The process that I use is called Inner Bonding, which teaches people how to love themselves. As loving themselves becomes a way of life, their anxiety, depression, guilt, shame, anger, fear, addictions and relationships gradually heal.

  • Here's what I say most often to my clients:

  • Breathe.

  • Find a place within you that is willing to explore how you might be creating some of your painful feelings.

  • There must be a very good reason you feel so resistant right now.

  • There must be a very good reason you want to control right now rather than learn.

  • Put your focus into your heart and invite love, kindness and compassion.

  • Ask the hurting part of you, 'What am I doing — or telling you — that is causing this feeling?"

  • What is the truth about this belief?

  • Imagine taking the loving action ... how would you feel if you did?

When we haven't learned how to take responsibility for our feelings, then we avoid them in four major ways — all which are self-rejecting:

  • We judge ourselves harshly, causing shame. Often, we would rather feel shame than feel the painful feelings of life, such as loneliness, heartbreak, grief or helplessness over others and events.
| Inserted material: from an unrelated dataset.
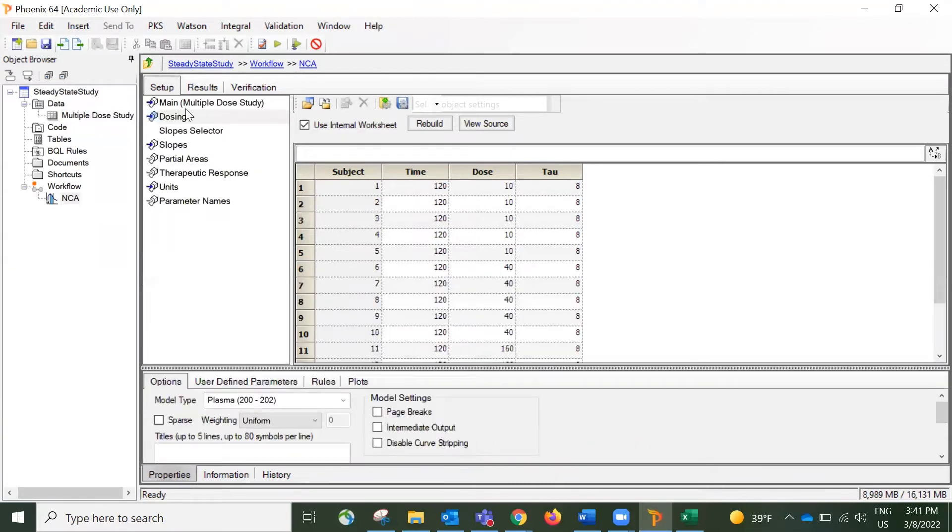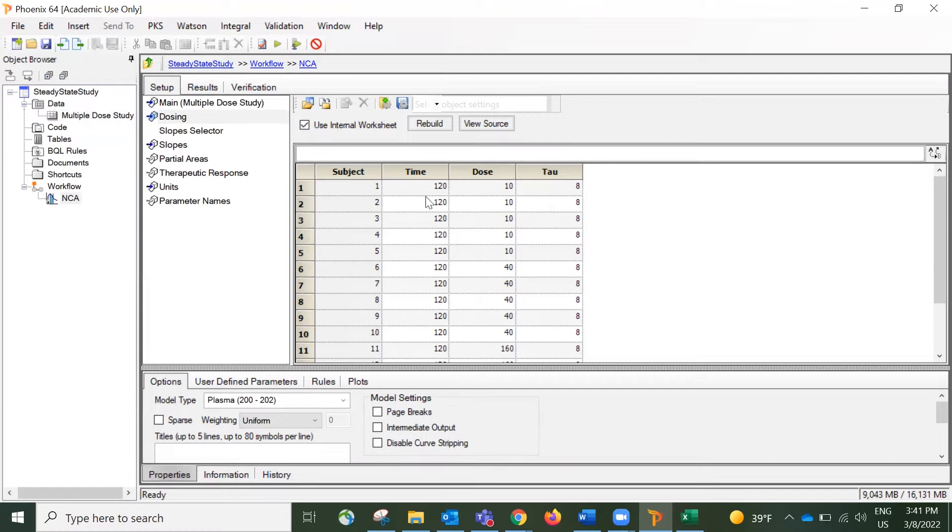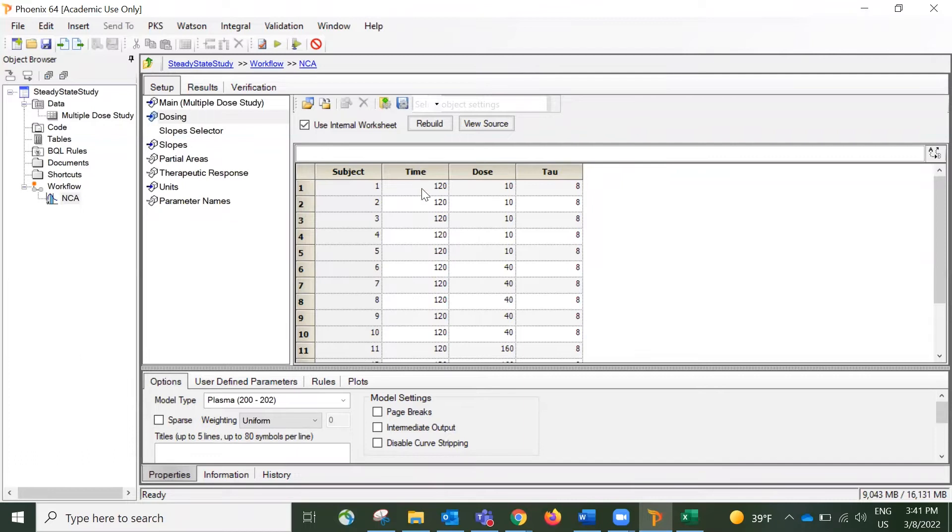And if we look at the dosing mapping table in here, I used an internal worksheet. So this box was checked so that I can enter the correct information. And for the time column, I entered 120, which is the starting point for the steady stage.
We hope that, by judging ourselves, we can have control over getting ourselves to do things "right" so that others will like us and give us the love we're not giving to ourselves.

  • We stay in our head, rather than being present in our body with our feelings.

  • We turn to various addictions to numb our feelings.

  • We make others responsible for our feelings, blaming them for our pain.

Margaret Paul, Ph.D.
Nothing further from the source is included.